Dr. Özlem Saatçi

Dünyada ilk gönüllü sağlık hizmeti belki de Hz. İsa ile başlamıştır. İnsanlık tarihi boyunca devam edegelen bu sağlık serüveni çok değişik politik, siyasi, ekonomik ve kültürel mecralardan akarak günümüze kadar ulaştı. Zamanla ülkeler arasında sınırlar oluştu ama sağlığın sınır tanımadığı çok geçmeden anlaşıldı. Kendi ellerimizle yol açtığımız küresel ısınma nasıl hepimizin sağlığını tehdit ediyorsa, başka bir ülkedeki epidemik virüs de bizim için aynı şekilde tehlikeliydi. Bu noktada biz de sınırları aşan bir sağlık anlayışı yani küresel, dünyasal sağlık belki de “yurtta sağlık dünyada sağlık” modelini geliştirmek durumundaydık…

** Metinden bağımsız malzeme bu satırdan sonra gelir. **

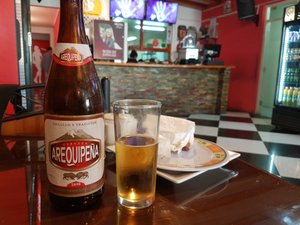 Bebidas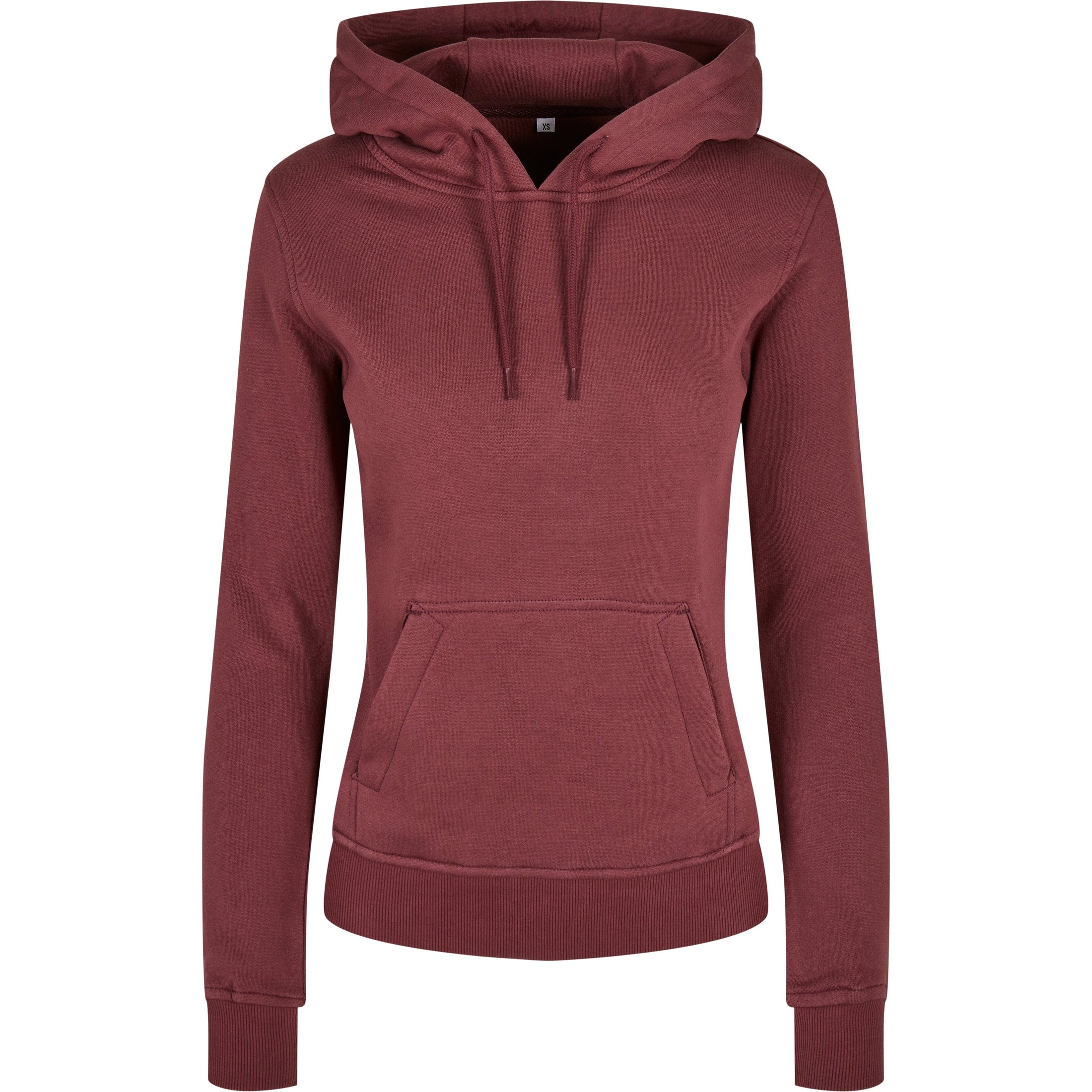 Build Your Brand Women's Organic Hoodie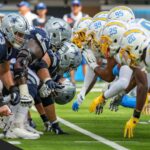 chargers vs cowboys nfl live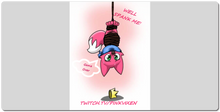 pinkvixen XXL Gaming Mousepad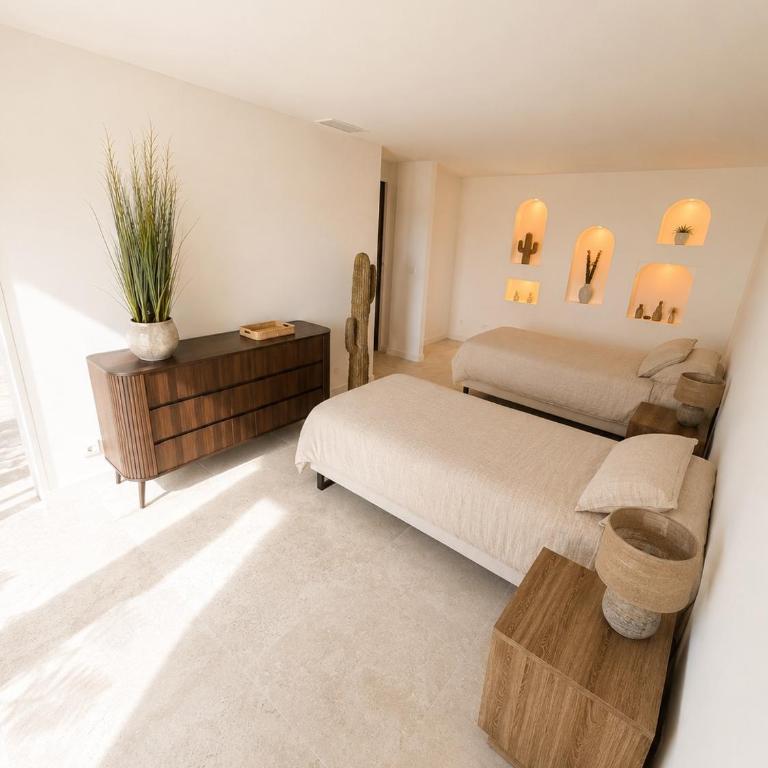 Les Issambres vue mer, piscine, 8 personnes - Villa - 2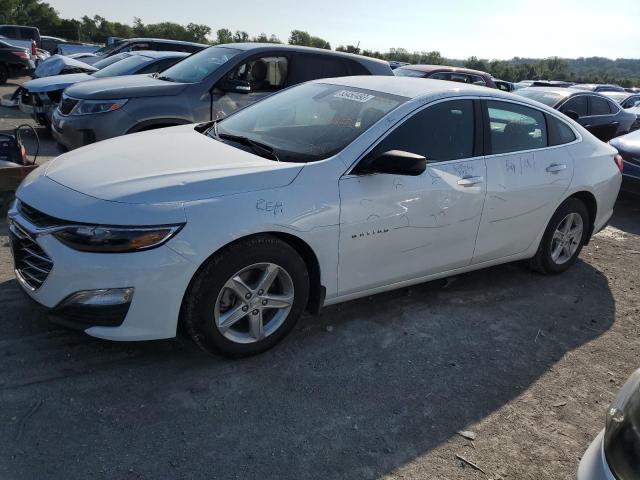 CHEVROLET MALIBU 2022 1g1zb5st6nf206958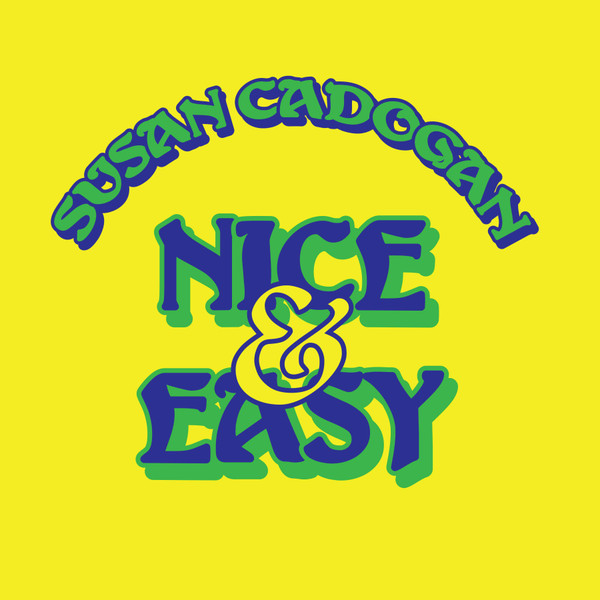 Susan Cadogan - Nice & Easy | Miss you (MISSYOU017)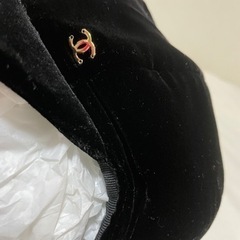 本物　CHANEL 新品未使用　シャネル　2021 帽子　①ハット　可愛い　人気　レアの画像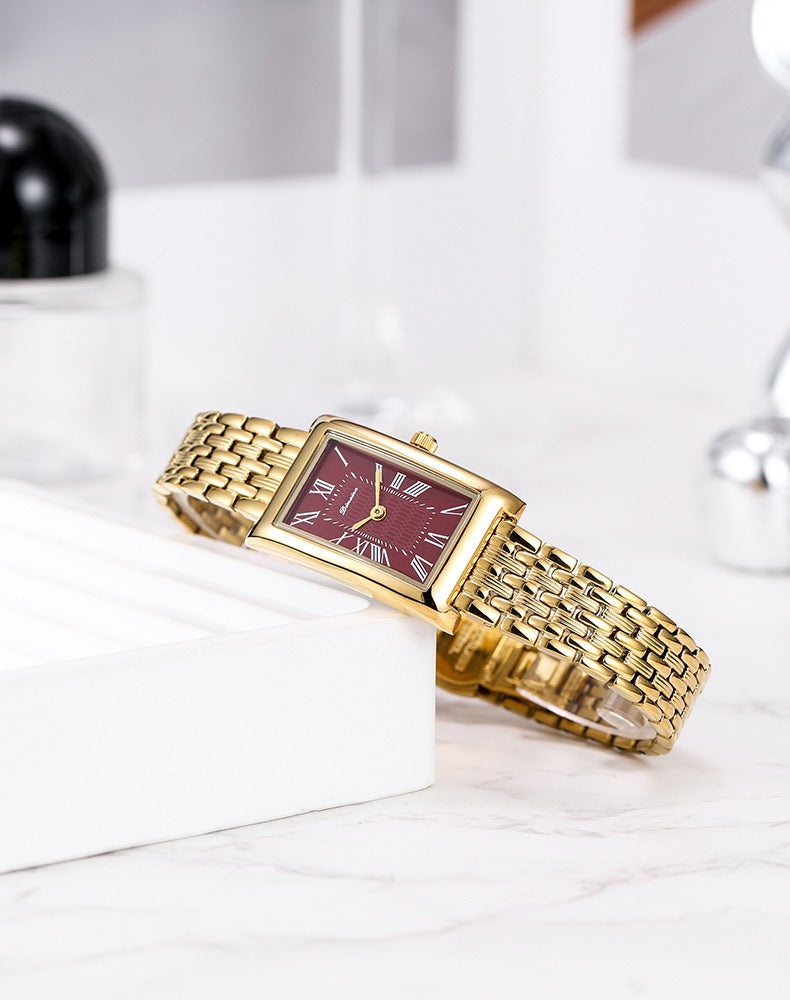 Laurie Leather Watch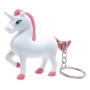 Porte-clés licorne avec LED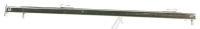 GUIDE RAIL TELESCOPIC-RIGHT,STS304,NV990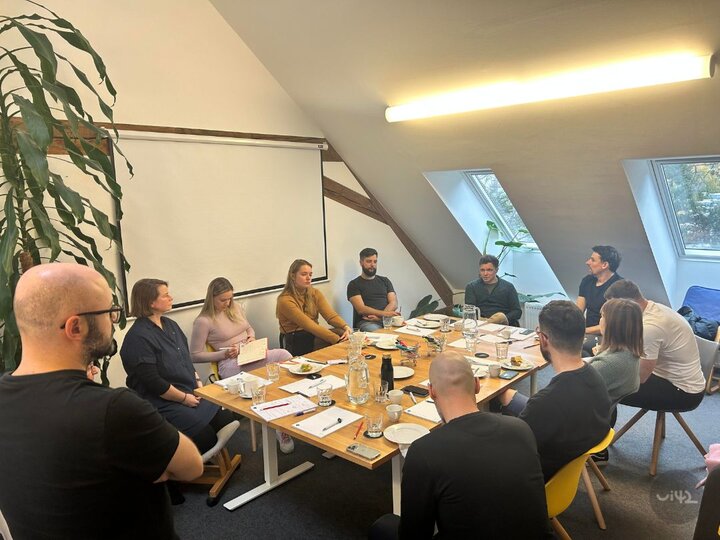 CX Breakfast vol. 2 on the topic “Innovation and its Systematization”
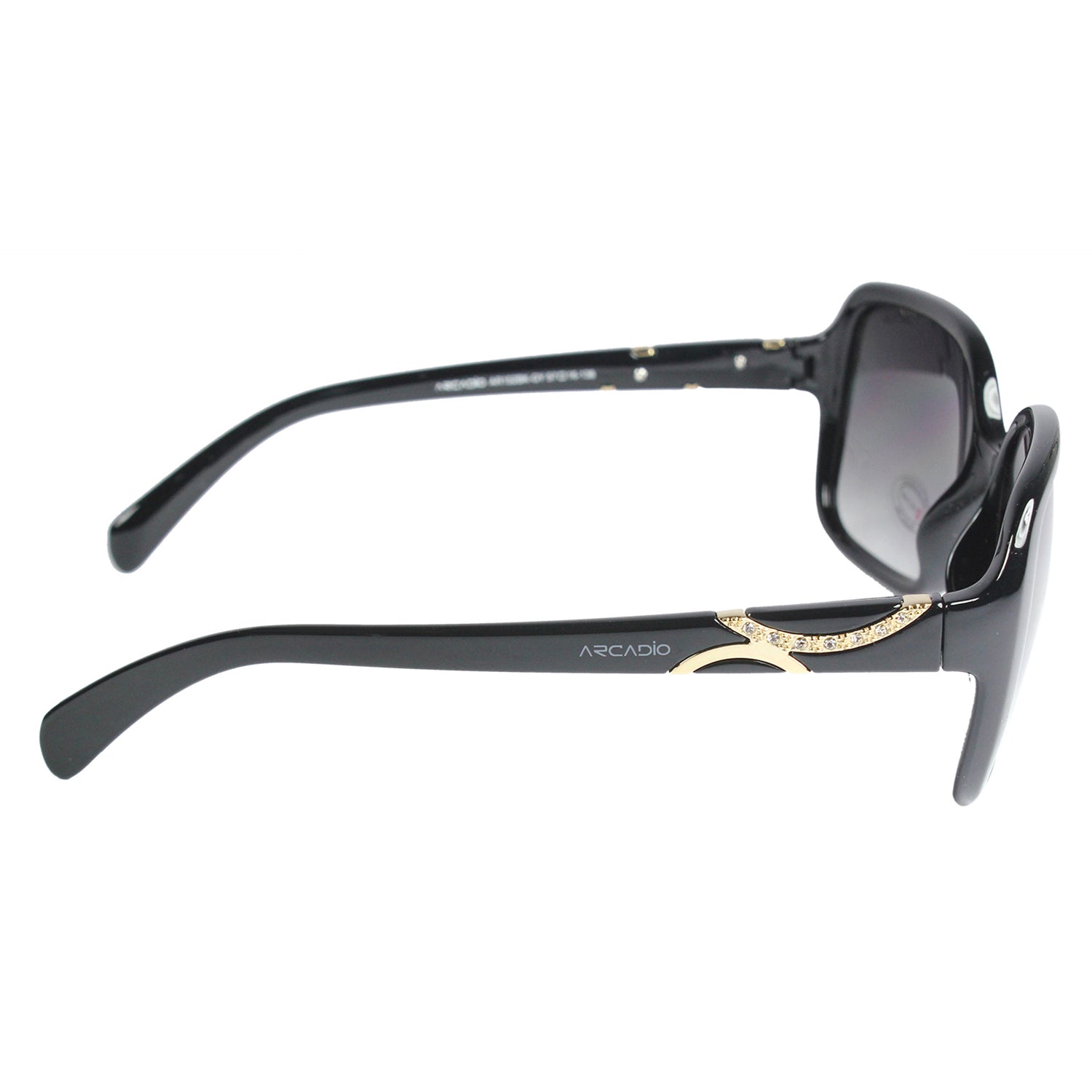 AUDREY Over-Sized Retro Sunglass For Women AR152 ARCADIO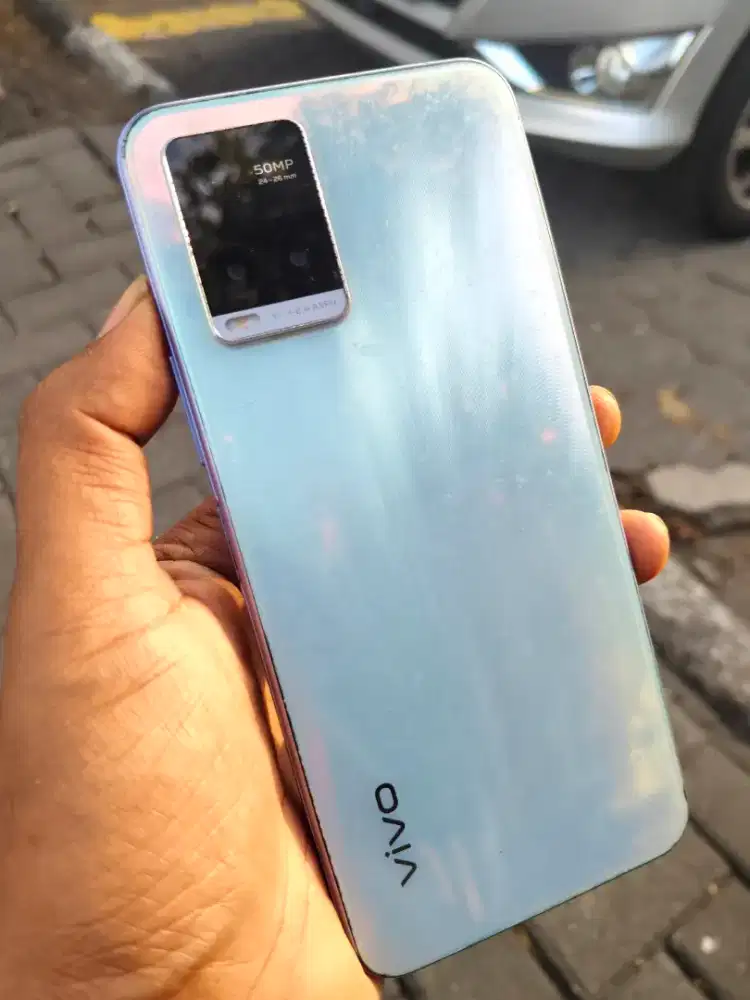 Vivo Y21t 6/128 second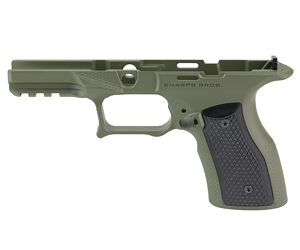 SHARPS GRIP FOR ECHELON ODG/BLK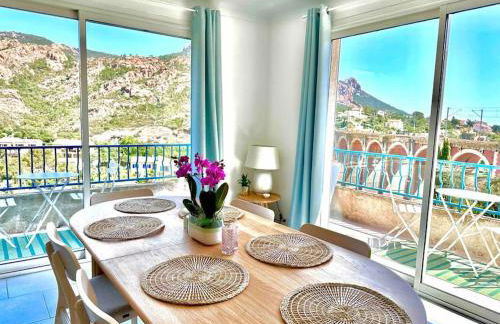 Superbe 6 couchages - 200m de la mer - Terrasse - Climatisation - Foto 44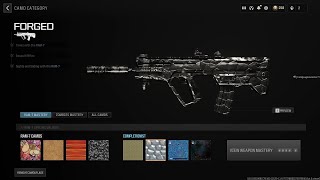 HOW TO UNLOCK FORGED CAMO FOR THE RAM-7!!!!
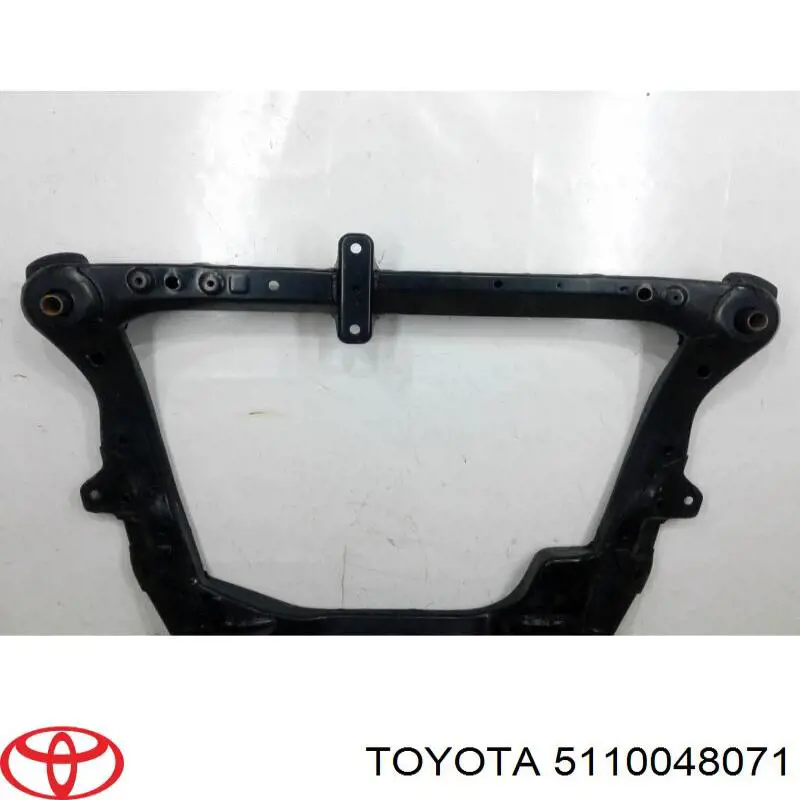 5110048071 Toyota Viga de suspensão dianteira (plataforma veicular)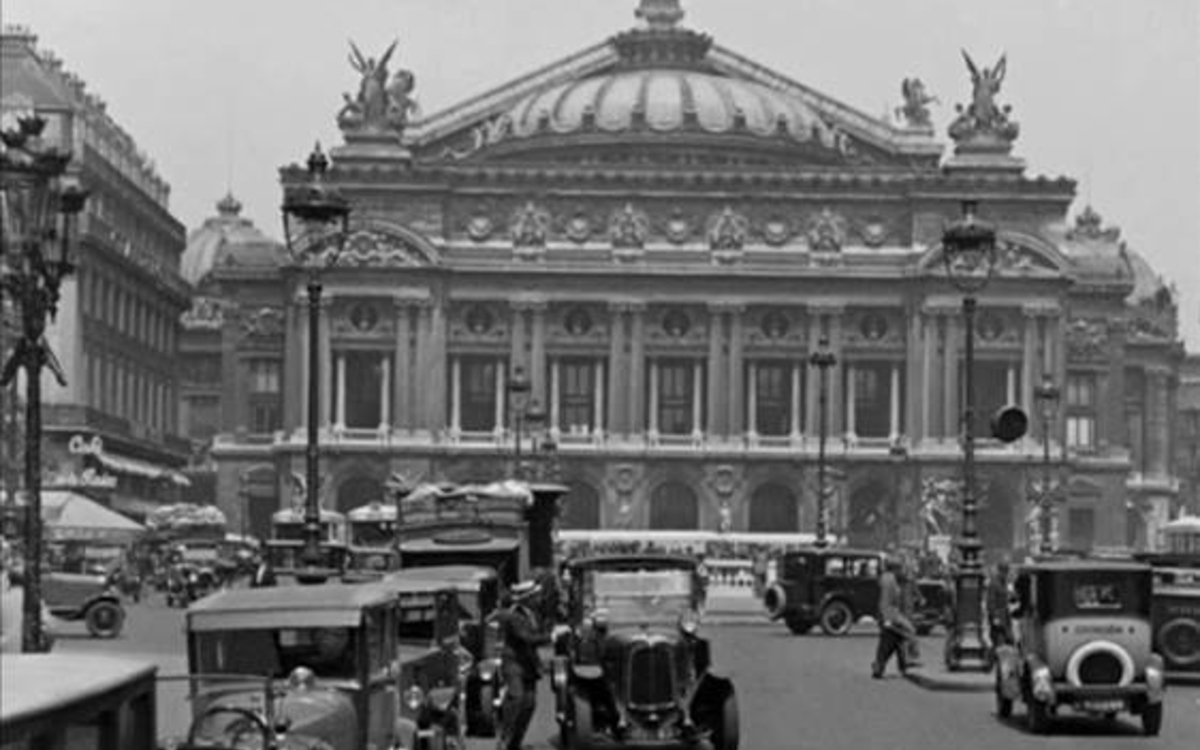 Conférence « Les mutations de Paris à travers l’histoire du cinéma » Médiathèque James Baldwin  Paris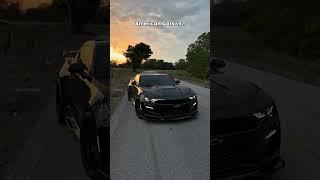 American cars vs..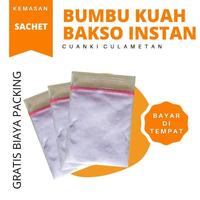 Gambar Bumbu baso aci, cuanki ,seblak instan sachet dari BOCI CULAMETAN undefined 1 Tokopedia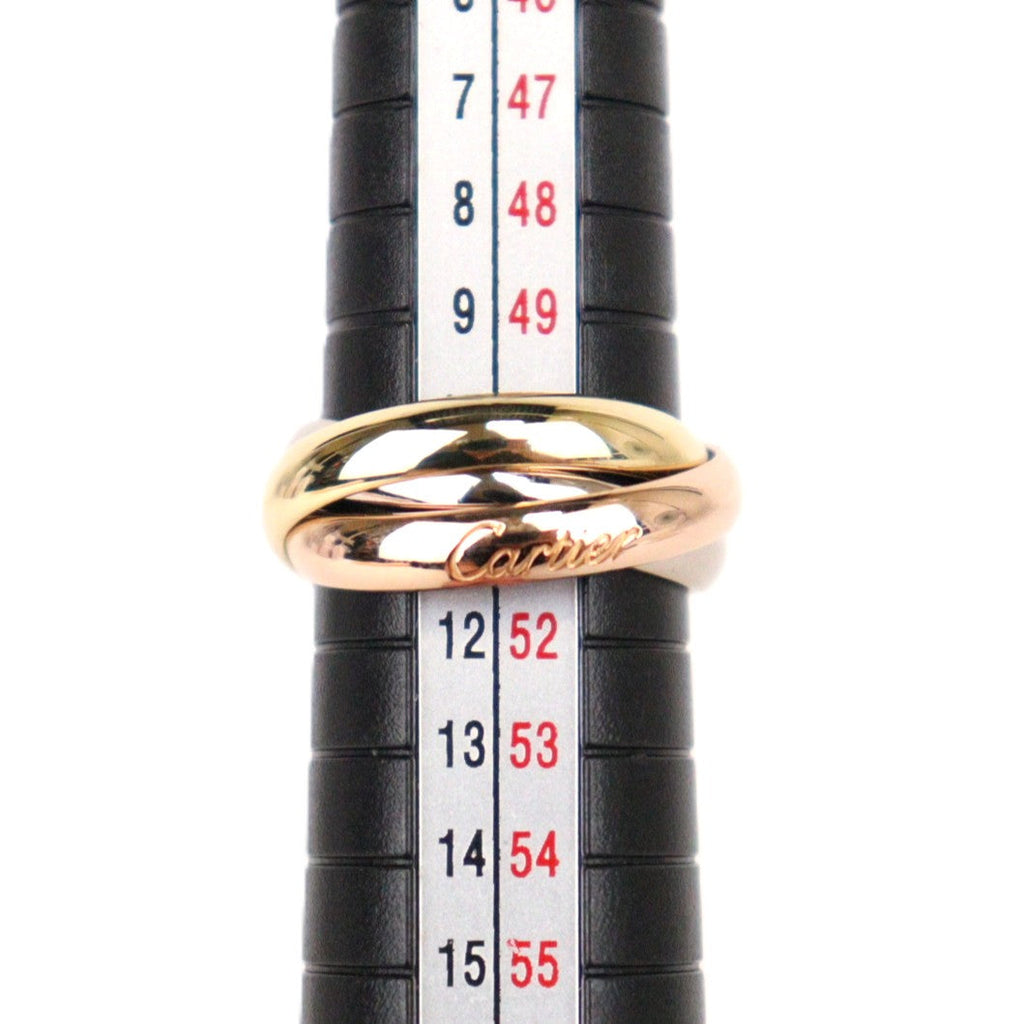 Cartier B4052751 Trinity Ring #51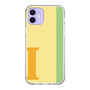 Slim Protection Case［ Original - initial color line - I yellow ］
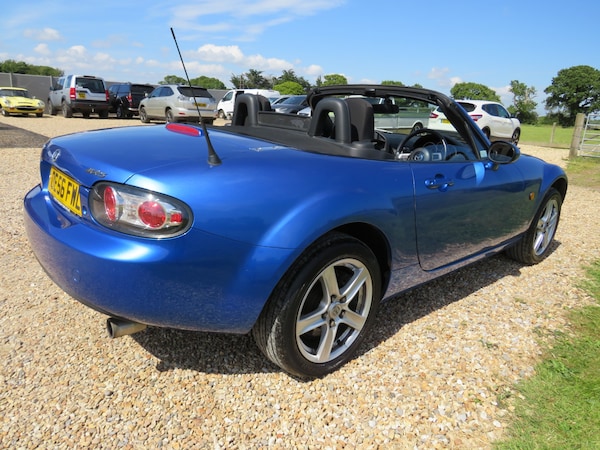 Used Mazda MX-5 2006 for sale - 71380975: Photo 14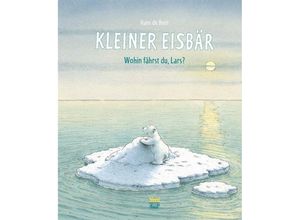 9783314101526 - Kleiner Eisbär - wohin fährst du Lars? m Superbuch - Hans de Beer Gebunden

Türkiye son yıllarda sağlık alanında girişimci faaliyetlerini artırmıştır. Bu faaliyetleri; sağlık turizmi ve yurtdışı sağlık hareketleri olarak iki başlıkta toplayabiliriz. Sağlık turizmi ile dünyanın her yerinden hastaların, cazip teklifler ve fırsatlarla ülkedeki modern hastane komplekslerinde tedavilerinin yapılması mümkün olmaktadır. Yurtdışı sağlık hareketlerinin küçük bir kısmını, özel olarak seyahat eden tıbbi ekibin operasyonlarını hastanın bulunduğu ülkede gerçekleştirmesi oluştururken, büyük bir kısmını gönüllülük ilkesiyle yola çıkan kişilerin ve kuruluşların faaliyetleri oluşturur. Gönüllü kişilerin ve kuruluşların çalışmalarını yoğunlaştırdığı afet hali dışında, yoksul ve kötü koşullara sahip bölgeler genellikle Müslüman nüfusun fazla olduğu yerlerdir. Türkiye’de “Müslüman sağlık hareketi” olarak eleştirilen bu faaliyetler, biyo-psiko sosyoekonomik ve insan hakları açısından olmazsa olmazların bir sonucudur. Zor şartlara ve sorunlara sahip bu ülkelerin ya da toplulukların sağlık politikalarına katkıda bulunmak, yardımlaşma ve paylaşma zemini oluşturmak önemlidir. Bu amacın gerçekleşmesine yönelik ülke kalkındırma politikaları, ülkelerarası işbirliği programları sayesinde aydınlanma, farkındalık ve harekete geçme ile küresel sağlık alanında ilerleme sağlanabilmektedir. Küresel sağlık anlayışı; özellikle sağlığı koruma, hastalıkların önlemesi, tedavisi ve rehabilitasyon alanına katkı sunan tüm faaliyetleri kapsar, kapsamalıdır.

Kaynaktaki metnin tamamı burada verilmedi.